First Principles Thinking: Terminal Cash Flows
A is correct. This problem introduces salvage value, which is the residual value you recover when selling or scrapping an asset at the end of the project's life. From first principles, a project's total cash flows include: (1) initial investment outflow at t=0, (2) periodic operating cash flows during the project's life, and (3) terminal cash flows at the end, which combine the final year's operations plus any salvage value recovered. Think of salvage value like selling a used car after you are done with it; you get some money back. In Year 5, you receive both the normal 40,000 dollar operating cash flow and an additional 20,000 from selling the equipment, totaling 60,000 for that year. Memory hook: Salvage equals SAVE some value at the end. The 11 percent discount rate reflects the project's risk-adjusted required return.
BA II Plus Steps: (1) CF, 2nd CLR WORK. (2) Initial: 150000 +/- ENTER (CF0=-150,000), down. (3) Years 1-4 are identical: 40000 ENTER, down, 4 ENTER (F01=4 means this cash flow repeats 4 times), down. (4) Year 5 combines operating and salvage: 40000 + 20000 = 60000 ENTER, down, down (F05=1), down. (5) NPV, 11 ENTER (I=11), down, CPT. Result: approximately 9,702.
Manual verification: PV annuity Years 1-4 = 40,000 multiplied by [(1 - 1/1.11^4) / 0.11] = 40,000 times 3.1024 = 124,096. PV Year 5 = 60,000 / 1.11^5 = 60,000 / 1.68506 = 35,606. Total PV inflows = 124,096 + 35,606 = 159,702. NPV = 159,702 - 150,000 = 9,702. Interpretation: Positive NPV of 9,702 dollars means the project creates shareholder value and should be accepted. The salvage value is critical here; without it, Year 5 would only have 40,000, reducing total PV inflows and potentially making NPV negative or much smaller. This illustrates why analysts must carefully consider all cash flows, including terminal values. Salvage values matter enormously for capital-intensive projects (manufacturing, real estate, infrastructure) where assets retain significant residual value.
Edge case: If the salvage value were taxable as a capital gain or loss, you would subtract the tax to get after-tax salvage value. Always use after-tax cash flows for NPV. For example, if the 20,000 salvage creates a 5,000 tax, the after-tax salvage is 15,000, not 20,000. The equipment's book value at Year 5 matters for tax calculation.
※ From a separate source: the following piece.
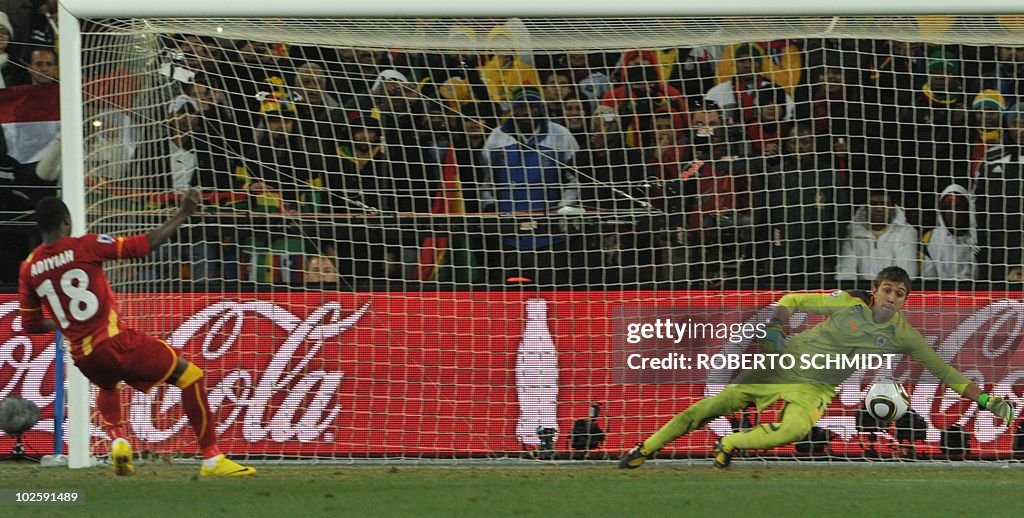 Ghana's striker Dominic Adiyiah (L) miss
B is wrong because 27,500 dollars might result from averaging undiscounted cash flows or using wrong discount rate. C is wrong because 60,000 dollars is just the Year 5 cash flow, ignoring all other years and the initial investment. It also ignores time value of money. Using undiscounted totals or single-year cash flows leads to nonsensical NPV calculations.